(Data excerpt begins)

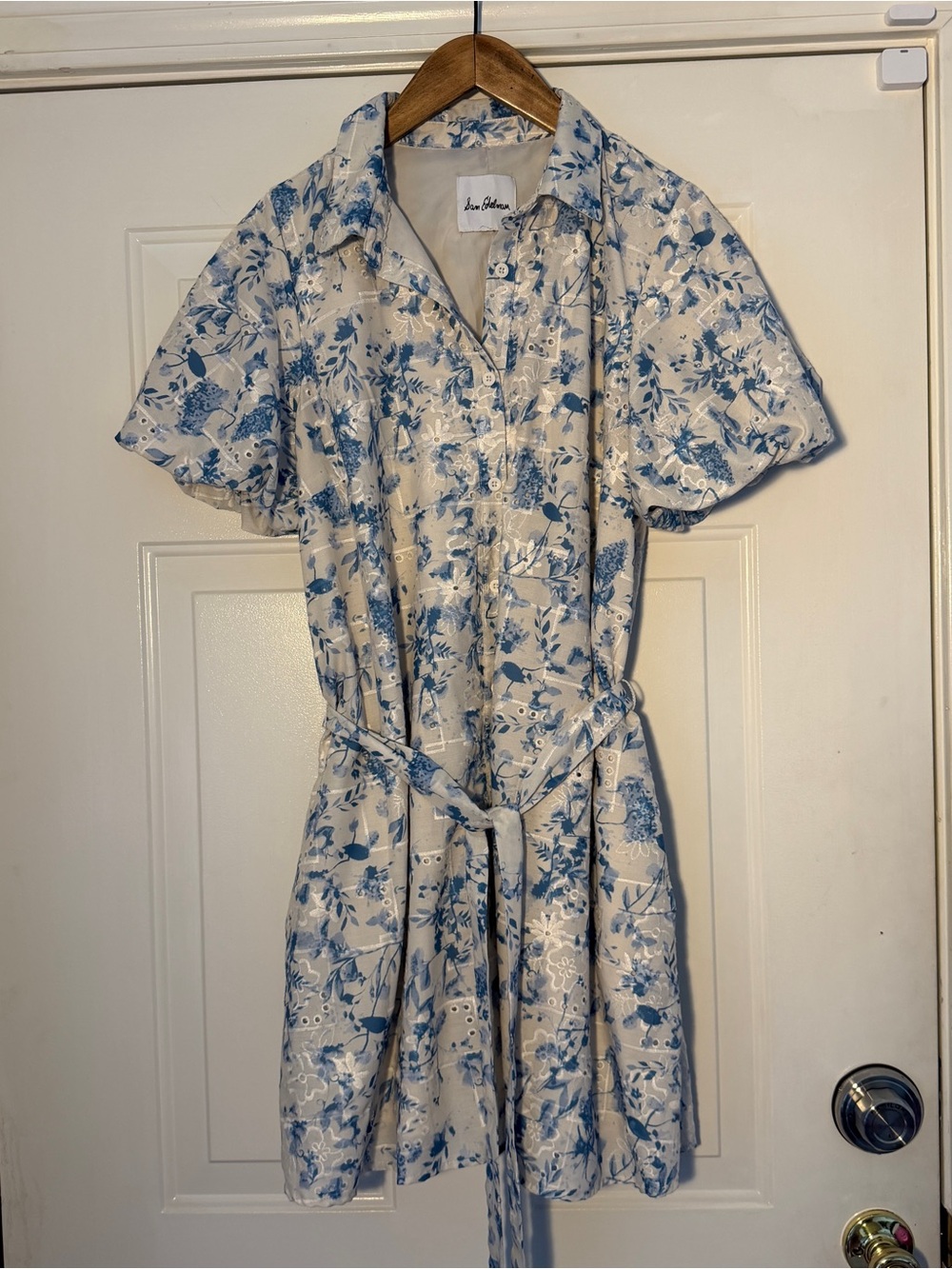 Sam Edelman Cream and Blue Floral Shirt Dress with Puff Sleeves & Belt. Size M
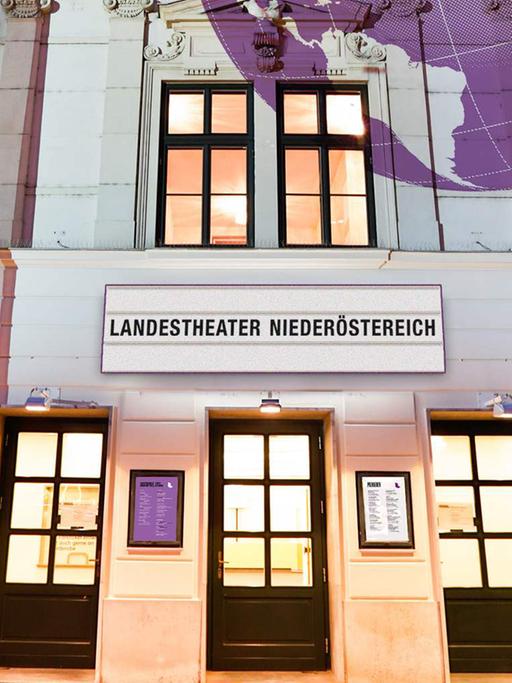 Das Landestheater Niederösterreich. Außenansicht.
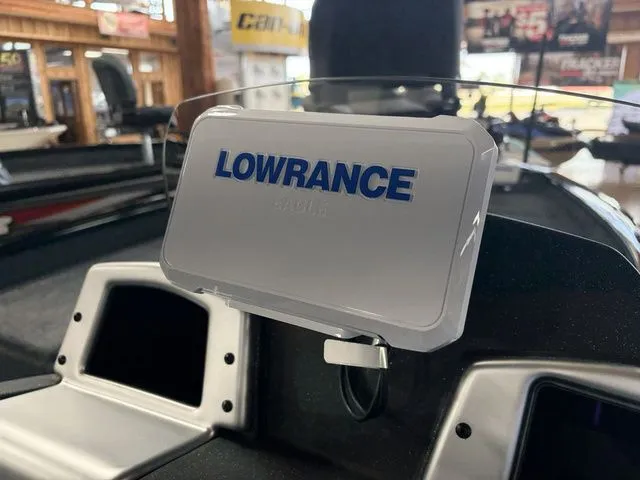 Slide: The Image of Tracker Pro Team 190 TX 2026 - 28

(Data excerpt ends)

Repeat the data above exactly, images excluded.

 Sam Edelman Cream and Blue Floral Shirt Dress with Puff Sleeves & Belt. Size M
 Das Landestheater Niederösterreich. Außenansicht.
 Slide: The Image of Tracker Pro Team 190 TX 2026 - 28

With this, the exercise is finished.